[Your task] An exact copy of the entries is needed, with every picture left out.

[Supplied material]
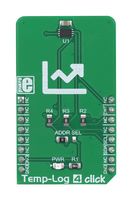 MIKROELEKTRONIKA MIKROE-3329 Add-On Board, Temp-Log 4 Click Board, Temperature Logger, SE97B Sensor IC, MikroBUS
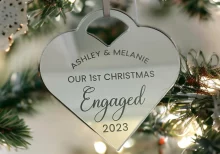Our 1st Christmas Engaged Couples Bauble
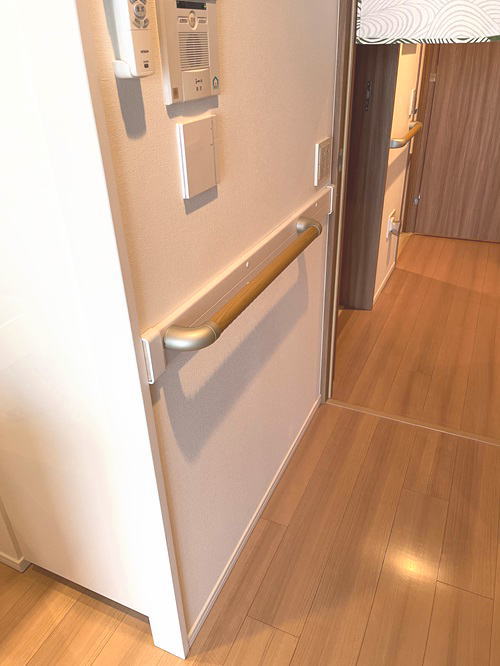 廊下の補強板使用のよこ手すり(施工例6)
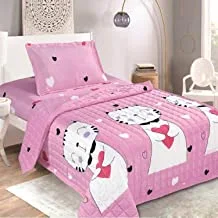 3 Pcs Winter Comforter Set  For Kids By Ming Li Single Size, Crkt-007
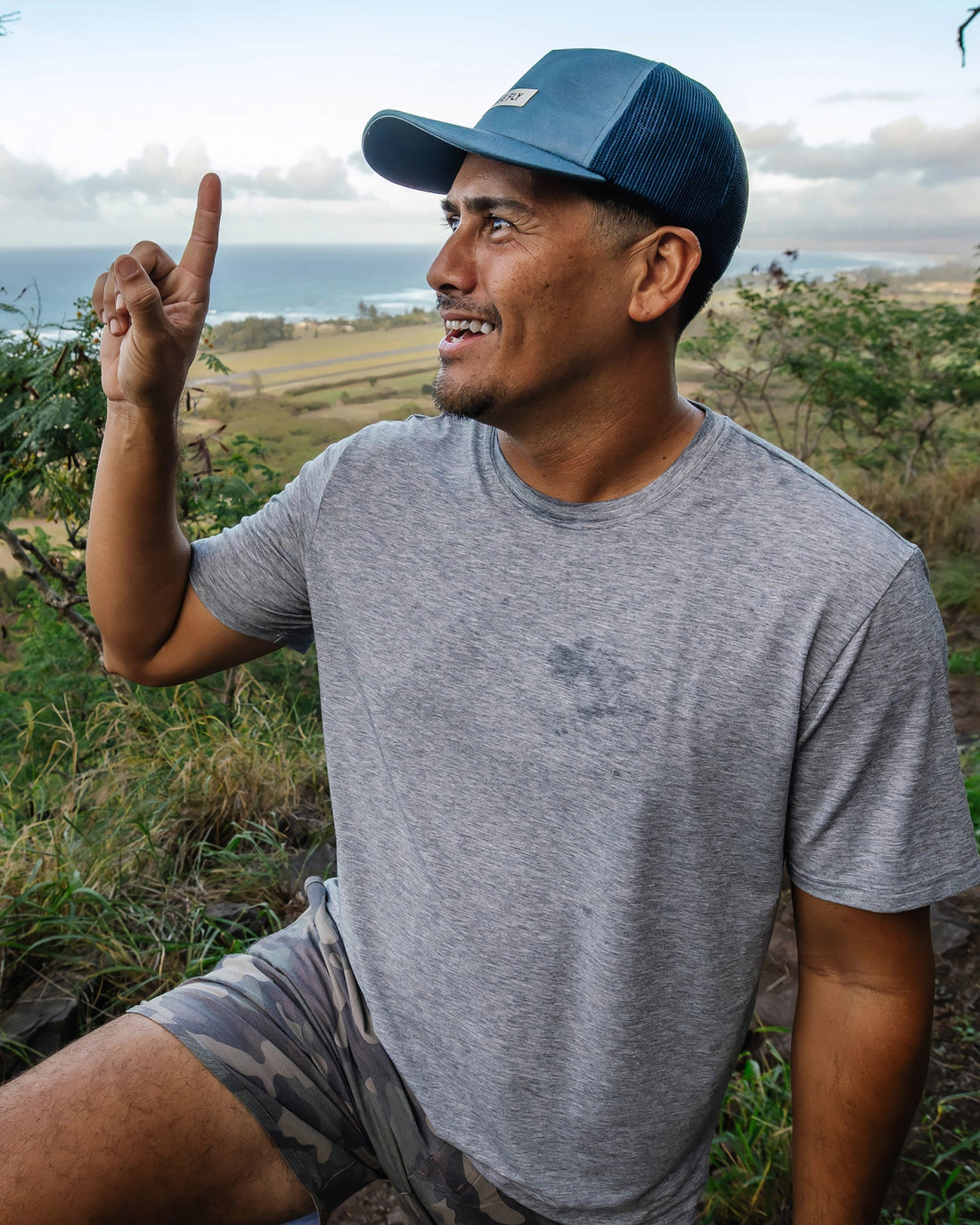 MEN'S FREE FLY ELEVATE LIGHTWEIGHT TEE | HEATHER GREY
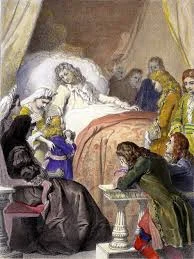 The death of Louis XIV of France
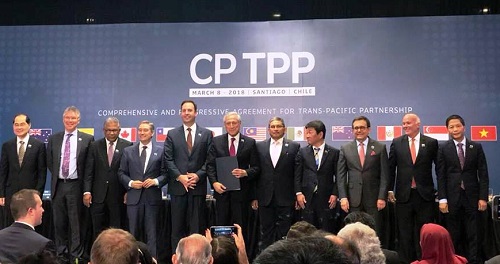 CPTPP được ký kết tại Chile vào ngày 8 tháng 3 năm 2018.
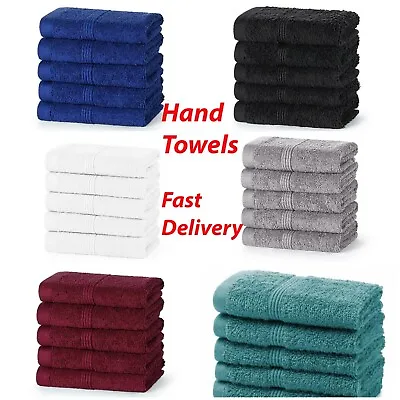 Hand Towels 100% Egyptian Cotton 500 GSM Premier Quality Pack Of 24612 • £9.99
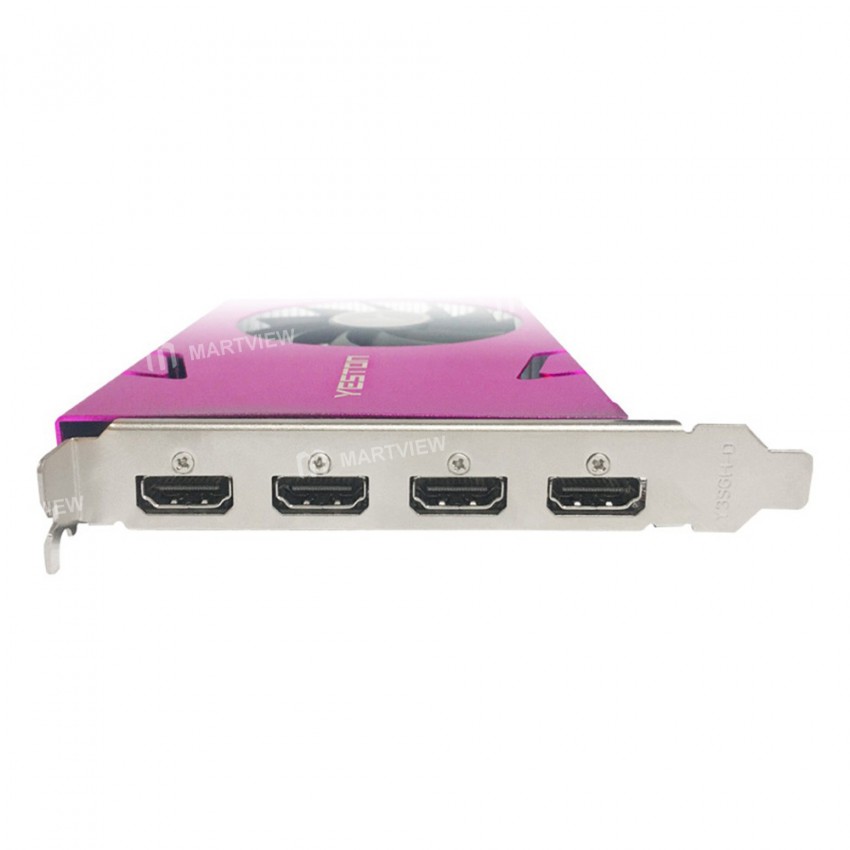 Yeston GT730-2G 4HD 4-Screen Graphics Card 2G / 128bit / DDR3 Memory Support Split Screen with 4 HD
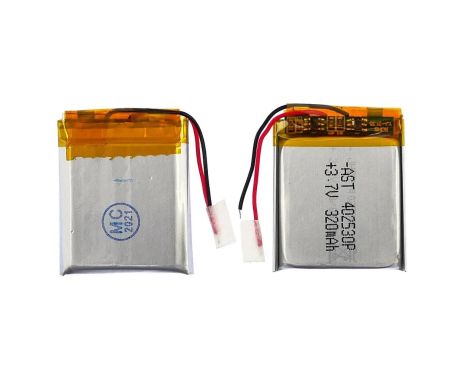 Універсальний акумулятор 402530P з контролером, 4 х 25 х 32 мм (320 mAh)/ для TWS навушників, кейсів навушників, смарт годинників та іграшок Універсальний акумулятор 402530P з контролером, 4 х 25 х 32 мм (320 mAh)/ для TWS навушників, кейсів навушників, смарт годинників та іграшок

[Response area]
 MIKROELEKTRONIKA MIKROE-3329 Add-On Board, Temp-Log 4 Click Board, Temperature Logger, SE97B Sensor IC, MikroBUS
Our 1st Christmas Engaged Couples Bauble
 廊下の補強板使用のよこ手すり(施工例6)
 3 Pcs Winter Comforter Set  For Kids By Ming Li Single Size, Crkt-007
 MEN'S FREE FLY ELEVATE LIGHTWEIGHT TEE | HEATHER GREY
 The death of Louis XIV of France
 CPTPP được ký kết tại Chile vào ngày 8 tháng 3 năm 2018.
 Hand Towels 100% Egyptian Cotton 500 GSM Premier Quality Pack Of 24612 • £9.99
 Yeston GT730-2G 4HD 4-Screen Graphics Card 2G / 128bit / DDR3 Memory Support Split Screen with 4 HD
 Універсальний акумулятор 402530P з контролером, 4 х 25 х 32 мм (320 mAh)/ для TWS навушників, кейсів навушників, смарт годинників та іграшок Універсальний акумулятор 402530P з контролером, 4 х 25 х 32 мм (320 mAh)/ для TWS навушників, кейсів навушників, смарт годинників та іграшок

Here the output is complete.